[Entries provided — start]

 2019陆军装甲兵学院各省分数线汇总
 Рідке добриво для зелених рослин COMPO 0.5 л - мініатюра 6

[Entries provided — finish]
[Entries provided — start]

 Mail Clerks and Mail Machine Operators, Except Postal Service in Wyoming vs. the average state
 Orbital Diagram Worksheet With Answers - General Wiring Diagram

[Entries provided — finish]
[Entries provided — start]

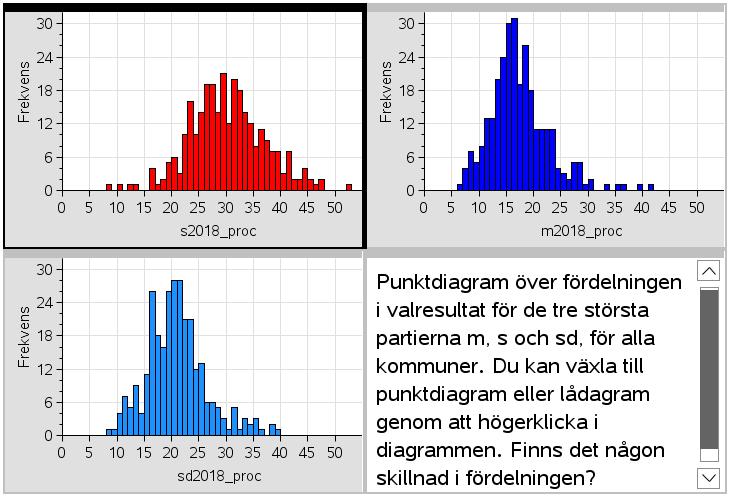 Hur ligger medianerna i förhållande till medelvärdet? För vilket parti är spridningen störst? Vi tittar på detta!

[Entries provided — finish]

→ **Instructions to follow**: For the material above, reproduce exactly the lines from the line with "2019陆军装甲兵学院各省分数线汇总" to the line with "Рідке добриво для", inclusive, and exclude all others.

→ **Exercise solution**:
 2019陆军装甲兵学院各省分数线汇总
 Рідке добриво для зелених рослин COMPO 0.5 л - мініатюра 6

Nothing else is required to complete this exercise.